___ Data for analysis ___

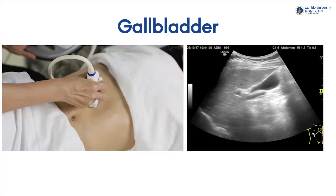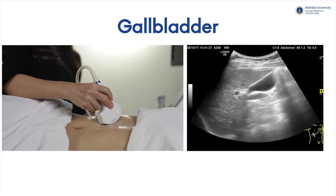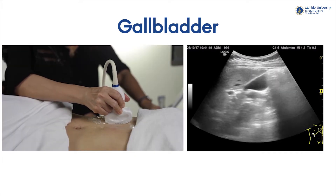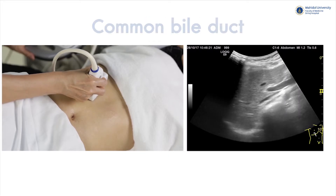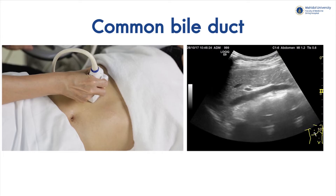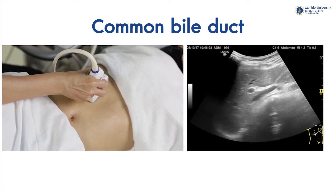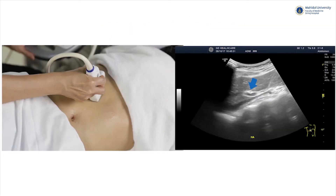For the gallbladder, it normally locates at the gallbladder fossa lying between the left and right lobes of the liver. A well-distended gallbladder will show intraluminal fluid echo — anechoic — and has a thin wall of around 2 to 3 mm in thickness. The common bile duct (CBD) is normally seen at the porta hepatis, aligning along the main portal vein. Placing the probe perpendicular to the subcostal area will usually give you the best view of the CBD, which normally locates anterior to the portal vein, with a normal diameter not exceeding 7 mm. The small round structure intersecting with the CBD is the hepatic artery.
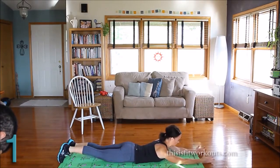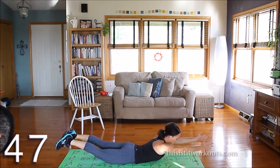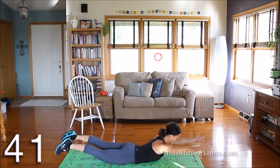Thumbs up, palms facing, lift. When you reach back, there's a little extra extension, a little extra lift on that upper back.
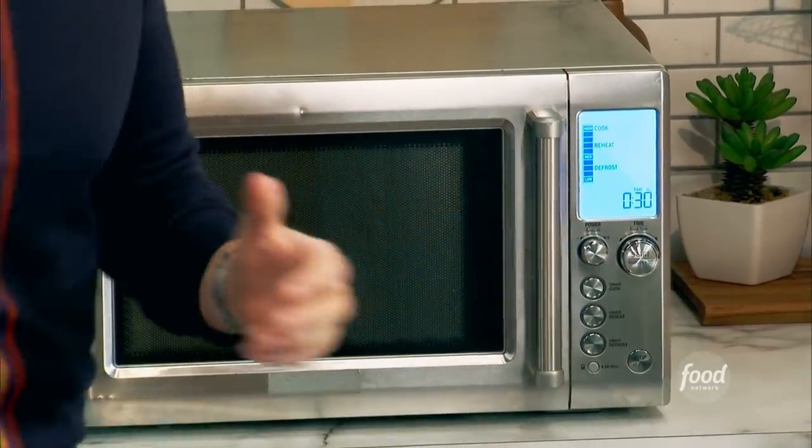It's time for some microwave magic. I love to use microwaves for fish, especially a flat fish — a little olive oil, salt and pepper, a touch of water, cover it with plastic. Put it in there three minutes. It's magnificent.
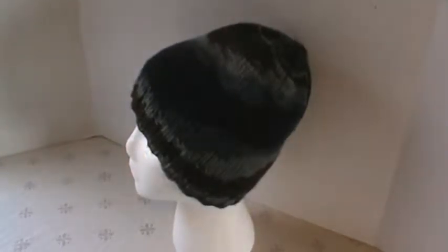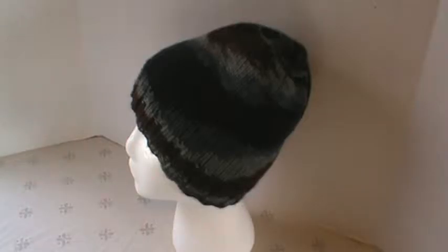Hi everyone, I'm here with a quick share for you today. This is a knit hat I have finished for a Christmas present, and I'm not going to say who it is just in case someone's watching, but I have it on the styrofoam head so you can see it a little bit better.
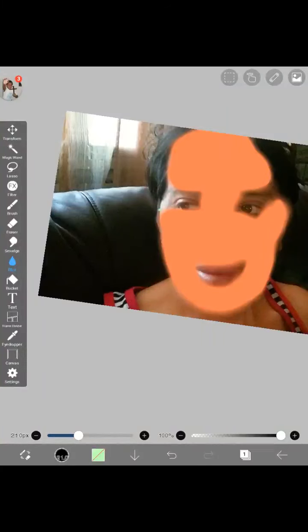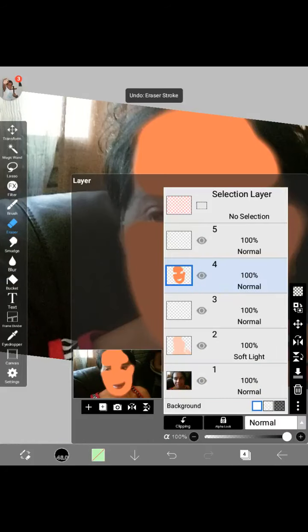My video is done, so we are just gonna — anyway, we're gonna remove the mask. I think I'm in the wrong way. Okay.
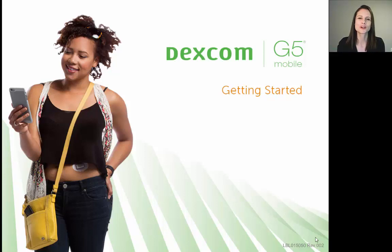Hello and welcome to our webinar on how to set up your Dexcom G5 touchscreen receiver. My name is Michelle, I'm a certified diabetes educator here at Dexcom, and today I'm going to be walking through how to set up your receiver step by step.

___

_Instructions to follow_. Pictures are to be dropped, and the remaining data set down exactly.

_Output for this exercise_.
For the gallbladder, it normally locates at the gallbladder fossa lying between the left and right lobes of the liver. A well-distended gallbladder will show intraluminal fluid echo — anechoic — and has a thin wall of around 2 to 3 mm in thickness. The common bile duct (CBD) is normally seen at the porta hepatis, aligning along the main portal vein. Placing the probe perpendicular to the subcostal area will usually give you the best view of the CBD, which normally locates anterior to the portal vein, with a normal diameter not exceeding 7 mm. The small round structure intersecting with the CBD is the hepatic artery.
Thumbs up, palms facing, lift. When you reach back, there's a little extra extension, a little extra lift on that upper back.
It's time for some microwave magic. I love to use microwaves for fish, especially a flat fish — a little olive oil, salt and pepper, a touch of water, cover it with plastic. Put it in there three minutes. It's magnificent.
Hi everyone, I'm here with a quick share for you today. This is a knit hat I have finished for a Christmas present, and I'm not going to say who it is just in case someone's watching, but I have it on the styrofoam head so you can see it a little bit better.
My video is done, so we are just gonna — anyway, we're gonna remove the mask. I think I'm in the wrong way. Okay.
Hello and welcome to our webinar on how to set up your Dexcom G5 touchscreen receiver. My name is Michelle, I'm a certified diabetes educator here at Dexcom, and today I'm going to be walking through how to set up your receiver step by step.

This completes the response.